「文字」に魅せられて【前野弘志】

 文字というものは、何と不思議なものだろうか。例えば、紙に書かれた文字を眺めてみよう。本でも、新聞でも、授業ノートでも、伝票でもなんでもいい。それを私たちは文字として認識しているから文字に見えるのだけれども、それは本来、紙に付着したインクの染みに過ぎないのです。言い換えると、私たちが紙に文字を書くということは、紙にせっせとインクの染みを付けているということに他ならないのです。しかし、そのインクの染みは、デタラメに付けられたものではなく、一定のルールに従って付けられたものです。だからこそ、そのルールを知れば、そのインクの染みは、もはや単なるインクの染みではなく、文字として読む者に語り始めるのです。インクの染みから文字への転換、この瞬間がなんともスリリングで、不思議に思われて、私を魅了するのです。
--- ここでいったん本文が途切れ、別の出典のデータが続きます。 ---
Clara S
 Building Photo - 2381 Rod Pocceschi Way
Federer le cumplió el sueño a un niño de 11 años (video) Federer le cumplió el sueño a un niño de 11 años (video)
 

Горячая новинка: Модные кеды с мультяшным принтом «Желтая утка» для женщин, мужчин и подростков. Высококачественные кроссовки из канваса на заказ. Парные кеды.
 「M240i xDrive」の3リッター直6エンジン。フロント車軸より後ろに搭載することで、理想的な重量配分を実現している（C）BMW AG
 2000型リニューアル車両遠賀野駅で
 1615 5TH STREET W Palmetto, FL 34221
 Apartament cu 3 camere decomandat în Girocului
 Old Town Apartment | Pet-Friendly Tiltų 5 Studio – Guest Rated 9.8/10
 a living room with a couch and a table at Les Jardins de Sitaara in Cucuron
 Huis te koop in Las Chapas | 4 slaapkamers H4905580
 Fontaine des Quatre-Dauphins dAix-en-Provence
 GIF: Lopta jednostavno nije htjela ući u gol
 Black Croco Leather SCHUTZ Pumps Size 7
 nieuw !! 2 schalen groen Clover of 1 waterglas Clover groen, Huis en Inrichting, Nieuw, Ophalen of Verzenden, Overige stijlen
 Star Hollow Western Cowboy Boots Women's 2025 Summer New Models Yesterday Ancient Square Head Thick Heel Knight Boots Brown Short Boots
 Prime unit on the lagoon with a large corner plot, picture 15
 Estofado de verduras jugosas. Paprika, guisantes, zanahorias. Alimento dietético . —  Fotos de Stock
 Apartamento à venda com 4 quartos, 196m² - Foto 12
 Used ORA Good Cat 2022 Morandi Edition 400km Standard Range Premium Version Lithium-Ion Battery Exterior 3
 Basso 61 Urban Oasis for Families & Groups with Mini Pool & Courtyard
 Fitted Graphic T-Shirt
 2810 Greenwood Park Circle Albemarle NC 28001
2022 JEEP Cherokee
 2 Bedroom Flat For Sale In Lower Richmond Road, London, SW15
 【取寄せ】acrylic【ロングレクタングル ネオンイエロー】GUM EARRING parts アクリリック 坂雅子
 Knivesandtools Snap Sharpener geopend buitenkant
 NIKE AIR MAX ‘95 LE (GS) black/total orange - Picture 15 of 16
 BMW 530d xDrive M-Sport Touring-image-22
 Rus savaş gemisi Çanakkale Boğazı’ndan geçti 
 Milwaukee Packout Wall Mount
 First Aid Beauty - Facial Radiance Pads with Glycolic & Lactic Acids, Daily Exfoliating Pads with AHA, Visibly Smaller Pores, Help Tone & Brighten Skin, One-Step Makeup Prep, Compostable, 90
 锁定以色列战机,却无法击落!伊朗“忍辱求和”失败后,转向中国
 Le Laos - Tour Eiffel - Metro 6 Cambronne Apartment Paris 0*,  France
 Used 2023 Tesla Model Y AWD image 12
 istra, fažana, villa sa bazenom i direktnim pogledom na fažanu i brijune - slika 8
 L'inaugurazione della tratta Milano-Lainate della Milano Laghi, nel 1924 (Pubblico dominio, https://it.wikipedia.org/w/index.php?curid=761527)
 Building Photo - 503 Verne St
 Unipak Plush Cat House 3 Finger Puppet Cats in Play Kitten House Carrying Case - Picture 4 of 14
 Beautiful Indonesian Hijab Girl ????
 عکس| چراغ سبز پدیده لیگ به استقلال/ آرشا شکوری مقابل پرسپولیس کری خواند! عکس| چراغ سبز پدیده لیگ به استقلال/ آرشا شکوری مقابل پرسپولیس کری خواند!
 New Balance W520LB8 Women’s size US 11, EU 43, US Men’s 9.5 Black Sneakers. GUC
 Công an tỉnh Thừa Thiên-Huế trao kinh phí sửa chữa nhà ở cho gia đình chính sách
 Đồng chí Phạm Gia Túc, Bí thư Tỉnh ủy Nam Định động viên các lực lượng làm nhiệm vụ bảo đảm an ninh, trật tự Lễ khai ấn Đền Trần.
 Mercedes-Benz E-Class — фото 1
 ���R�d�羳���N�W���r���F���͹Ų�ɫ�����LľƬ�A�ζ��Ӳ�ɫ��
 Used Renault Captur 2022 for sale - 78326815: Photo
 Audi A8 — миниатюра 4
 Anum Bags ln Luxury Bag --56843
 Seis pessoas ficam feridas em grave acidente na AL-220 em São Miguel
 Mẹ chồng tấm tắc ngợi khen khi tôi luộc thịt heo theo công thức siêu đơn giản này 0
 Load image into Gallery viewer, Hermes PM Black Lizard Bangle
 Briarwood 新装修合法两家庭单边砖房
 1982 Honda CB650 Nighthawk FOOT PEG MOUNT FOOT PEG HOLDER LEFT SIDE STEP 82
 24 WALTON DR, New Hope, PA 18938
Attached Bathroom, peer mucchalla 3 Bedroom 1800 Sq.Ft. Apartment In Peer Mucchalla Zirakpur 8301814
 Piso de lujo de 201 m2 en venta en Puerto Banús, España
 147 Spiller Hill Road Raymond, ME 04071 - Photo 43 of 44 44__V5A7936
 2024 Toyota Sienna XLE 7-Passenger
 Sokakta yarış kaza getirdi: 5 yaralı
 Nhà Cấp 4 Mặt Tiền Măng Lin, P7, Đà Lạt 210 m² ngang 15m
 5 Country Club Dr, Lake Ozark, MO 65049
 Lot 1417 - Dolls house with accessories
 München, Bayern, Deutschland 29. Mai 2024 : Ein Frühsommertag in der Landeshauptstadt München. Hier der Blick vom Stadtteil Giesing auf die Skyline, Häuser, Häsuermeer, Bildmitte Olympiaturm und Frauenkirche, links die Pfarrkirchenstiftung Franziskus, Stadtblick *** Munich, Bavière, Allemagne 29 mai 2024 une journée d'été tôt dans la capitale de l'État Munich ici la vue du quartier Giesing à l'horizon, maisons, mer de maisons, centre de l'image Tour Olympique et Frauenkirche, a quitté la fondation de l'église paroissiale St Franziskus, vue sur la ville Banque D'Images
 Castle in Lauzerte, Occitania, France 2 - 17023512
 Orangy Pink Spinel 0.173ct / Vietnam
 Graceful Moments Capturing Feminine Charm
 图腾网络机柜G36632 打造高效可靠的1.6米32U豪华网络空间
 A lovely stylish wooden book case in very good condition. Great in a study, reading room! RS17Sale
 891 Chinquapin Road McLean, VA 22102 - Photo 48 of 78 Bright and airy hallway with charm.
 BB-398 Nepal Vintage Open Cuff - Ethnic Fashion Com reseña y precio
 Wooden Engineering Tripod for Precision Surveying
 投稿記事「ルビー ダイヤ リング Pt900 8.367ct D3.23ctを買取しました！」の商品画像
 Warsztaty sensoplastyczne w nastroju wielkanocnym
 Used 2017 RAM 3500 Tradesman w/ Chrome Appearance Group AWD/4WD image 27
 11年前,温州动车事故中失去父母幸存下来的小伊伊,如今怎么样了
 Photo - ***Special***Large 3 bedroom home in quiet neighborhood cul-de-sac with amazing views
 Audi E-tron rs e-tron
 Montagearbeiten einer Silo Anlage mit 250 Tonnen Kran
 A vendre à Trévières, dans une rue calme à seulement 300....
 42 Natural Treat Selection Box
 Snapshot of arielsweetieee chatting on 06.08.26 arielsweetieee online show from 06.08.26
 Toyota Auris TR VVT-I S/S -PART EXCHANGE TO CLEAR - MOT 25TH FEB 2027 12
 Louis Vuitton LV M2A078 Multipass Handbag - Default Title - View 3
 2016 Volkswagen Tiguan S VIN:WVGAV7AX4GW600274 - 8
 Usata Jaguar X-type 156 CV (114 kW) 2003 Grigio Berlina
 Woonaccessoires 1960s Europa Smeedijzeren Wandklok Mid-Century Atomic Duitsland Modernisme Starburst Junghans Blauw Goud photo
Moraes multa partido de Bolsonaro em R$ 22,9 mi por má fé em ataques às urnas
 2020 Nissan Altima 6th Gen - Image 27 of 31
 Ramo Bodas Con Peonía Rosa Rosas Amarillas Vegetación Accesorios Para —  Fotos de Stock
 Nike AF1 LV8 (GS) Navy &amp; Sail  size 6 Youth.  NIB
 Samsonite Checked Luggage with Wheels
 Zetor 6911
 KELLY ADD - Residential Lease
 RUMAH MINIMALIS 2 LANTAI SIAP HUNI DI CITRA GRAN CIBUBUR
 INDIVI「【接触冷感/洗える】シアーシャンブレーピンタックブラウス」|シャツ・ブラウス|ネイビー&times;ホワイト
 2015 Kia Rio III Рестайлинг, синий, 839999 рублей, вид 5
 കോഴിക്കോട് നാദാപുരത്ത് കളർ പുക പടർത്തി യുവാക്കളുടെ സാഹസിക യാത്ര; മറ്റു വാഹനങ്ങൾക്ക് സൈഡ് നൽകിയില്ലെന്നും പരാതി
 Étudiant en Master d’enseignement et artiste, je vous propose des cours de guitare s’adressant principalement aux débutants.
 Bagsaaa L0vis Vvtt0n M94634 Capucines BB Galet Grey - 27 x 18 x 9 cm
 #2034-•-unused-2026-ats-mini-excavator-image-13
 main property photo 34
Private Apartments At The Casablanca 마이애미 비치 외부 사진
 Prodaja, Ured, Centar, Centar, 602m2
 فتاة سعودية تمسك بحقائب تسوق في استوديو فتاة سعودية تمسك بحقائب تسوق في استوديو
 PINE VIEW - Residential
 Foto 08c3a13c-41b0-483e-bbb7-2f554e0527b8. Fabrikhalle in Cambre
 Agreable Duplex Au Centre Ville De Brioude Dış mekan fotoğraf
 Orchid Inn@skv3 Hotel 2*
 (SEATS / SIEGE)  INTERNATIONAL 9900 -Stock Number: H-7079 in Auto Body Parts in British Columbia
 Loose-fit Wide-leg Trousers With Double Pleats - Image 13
 私には七歳年上の兄がいますが、私が幼稚園に通っていた頃、兄のいない間に、兄の国語辞典を盗み見したことがあります。国語辞典だから当たり前ですが、ぎっしりと文字が書き込まれ、ところどころに挿絵があって、見ていて飽きませんでした。その中で私の興味を最も強く引いたのは、巻末に付録として付けられていたローマ字一覧表でした。表記される言語は日本語でも、ローマ字は外国の文字なので、その時の私にはもちろん読めませんでした。私にとっては、おしゃれな模様に過ぎなかったのです。しかしその読めない文字を読むためのルールがこの一覧表の中にあることが分かったので、そのルールをどうしても知りたいと思いました。その頃の私は、平仮名、カタカナ、そして小学二年生までの漢字は読めたので、解説を読み、じっくりと表を眺めることにしました。初めは表の見方が分からなかったのですが、しばらくするうちにだんだんと分かってきて、要は、日本語の仮名文字とは違って、音節が母音と子音に分解されていて、母音を表す文字と子音を表す文字の組み合わせによって音節を作るのだということに気づきました(もちろん当時、音節とか母音とか子音という言葉は知りませんでした)。このルールが分かると、そこに挙げてある例文は全て読むことが出来ました。その時に、ある種の快感を覚えたことを今でも記憶しています(ただし、CとQの使い方については、どうしても分かりませんでした)。

 

紀元前5世紀中頃のギリシア語碑文

紀元前5世紀中頃のギリシア語碑文

 小学校三年生の夏のことだったと思います。その頃の僕は、よく町立図書館に通っていました。図書館の雰囲気が好きだったし、何よりもそこはクーラーが効いていて涼しかったからです。ある日『古代文字の謎』という本をたまたま見つけて読みました。緑色の表紙の本だったと思います。そこには、シャンポリオンがヒエログリフを解読した話、ヴェントリスが線文字Bを解読した話、ローリンソンが楔形文字を解読した話などが載っていました。特に記憶に残っているのは、ローリンソンの話で、彼がベヒスタンの磨崖碑文を調査した時に、現地の少年を助手として雇い、吊り下げたゴンドラに乗って、初めは碑文を一つ一つ手で書き写していたが、時間がかかるので、途中から拓本をとることにしたとか、ゴンドラから落ちそうになったことなど、ハラハラする内容でした。それ以来、古代の文字に興味を持つようになりました。石に刻まれた古代の文字、本来それは石にノミで刻み付けられた大量の傷に過ぎませんが、そのルールを知ると、それが文字となり、何千年の時を隔てて、古代人の知恵や物語を語り始めるのです。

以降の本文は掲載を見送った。